Baca juga: Negara Harus Intervensi Implementasi TOD BUMN
Namun peraturan ini dianggap belum cukup konkret dan jelas. Menurut Ketua Ikatan Ahli Perencanaan (IAP), Bernardus Djonoputro, Selasa (11/12/2018), pemerintah hanya memberikan hak khusus pengelolaan dan pengembangan kawasan, memaksimalisasi gross floor area (GFA), sehingga pengelola bisa mendapatkan internal rate of return (IRR) yang menarik.
Padahal menurut Bernardus, ada hal yang lebih penting yakni pengeluaran anggaran yang harus dialokasikan pemerintah dengan tujuan melakukan peremajaan suatu kota.
Hal ini diakui Dirjen Penyediaan Perumahan Kementerian Pekerjaan Umum dan Perumahan Rakyat (PUPR) Khalawi Abdul Hamid.
Dia mengaku, saat ini konsep TOD yang ideal diterapkan di Jakarta dan kota-kota lainnya masih dalam kajian dan terus digodok dengan melibatkan para ahli, akademisi, dan praktisi.
"Konsepnya belum ada. Namun karena kebutuhan perumahan demikian mendesak, per tahun 800.000 unit, kami jalankan secara paralel. Konsep dan pelaksanaan dilakukan bersamaan," jelas Khalawi menjawab Kompas.com, Kamis (13/12/2018).
Kehadiran transportasi massal dinilai sebagai fasilitas yang wajib disediakan untuk kemudahan pergerakan orang-orang yang tinggal di kawasan hunian berbasis TOD.
Baca juga: TOD, Solusi Kemacetan dan Hunian Murah MBR
Hunian berkonsep TOD juga harus berbasis konektivitas. Artinya orang yang tinggal di hunian tersebut bisa mengakses berbagai moda transportasi umum yang aman, nyaman, dan terjangkau dengan mudah.
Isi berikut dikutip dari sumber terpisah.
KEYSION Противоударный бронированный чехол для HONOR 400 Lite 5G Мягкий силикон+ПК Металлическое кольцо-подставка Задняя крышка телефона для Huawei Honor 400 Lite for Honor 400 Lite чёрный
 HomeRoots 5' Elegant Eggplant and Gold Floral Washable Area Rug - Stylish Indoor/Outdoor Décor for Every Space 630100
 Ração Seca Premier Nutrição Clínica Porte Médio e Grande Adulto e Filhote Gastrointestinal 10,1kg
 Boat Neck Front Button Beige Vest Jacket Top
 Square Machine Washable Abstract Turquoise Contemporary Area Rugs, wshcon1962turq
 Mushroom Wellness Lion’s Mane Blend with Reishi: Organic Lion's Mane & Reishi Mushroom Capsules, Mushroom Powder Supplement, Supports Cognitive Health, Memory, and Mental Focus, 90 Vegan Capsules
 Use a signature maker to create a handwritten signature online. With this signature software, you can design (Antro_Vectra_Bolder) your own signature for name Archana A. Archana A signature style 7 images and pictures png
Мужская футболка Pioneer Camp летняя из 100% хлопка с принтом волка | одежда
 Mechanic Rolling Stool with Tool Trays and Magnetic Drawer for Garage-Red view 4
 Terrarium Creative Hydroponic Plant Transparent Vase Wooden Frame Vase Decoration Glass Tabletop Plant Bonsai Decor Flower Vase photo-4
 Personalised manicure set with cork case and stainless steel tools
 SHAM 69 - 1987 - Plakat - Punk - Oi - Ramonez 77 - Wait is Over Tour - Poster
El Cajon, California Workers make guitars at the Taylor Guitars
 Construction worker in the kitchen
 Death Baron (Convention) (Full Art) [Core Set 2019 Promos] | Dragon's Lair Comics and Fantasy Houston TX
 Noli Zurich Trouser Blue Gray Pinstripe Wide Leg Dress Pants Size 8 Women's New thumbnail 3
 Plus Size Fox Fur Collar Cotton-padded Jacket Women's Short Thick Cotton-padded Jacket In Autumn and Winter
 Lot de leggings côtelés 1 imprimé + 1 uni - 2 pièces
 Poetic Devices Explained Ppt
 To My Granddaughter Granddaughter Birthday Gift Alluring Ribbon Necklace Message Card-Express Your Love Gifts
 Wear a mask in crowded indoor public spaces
Selain itu, hunian ini juga didukung dengan infrastruktur yang memadai. Jika tidak, maka nilai jual suatu hunian dan lahan di sekitarnya akan cenderung stagnan.
Dari jenis propertinya, karena tanah yang terbatas, hunian berbasis TOD lebih banyak dibangun secara vertikal alih-alih rumah tapak.
Hunian TOD juga dianggap lebih menarik karena letaknya yang terhubung dengan moda transportasi massal.
Sedangkan segmen propertinya tidak hanya untuk menengah ke atas, namun juga menengah ke bawah. Meski memang dari sisi komposisi, jumlah unit yang diperuntukkan bagi menengah ke bawah lebih sedikit.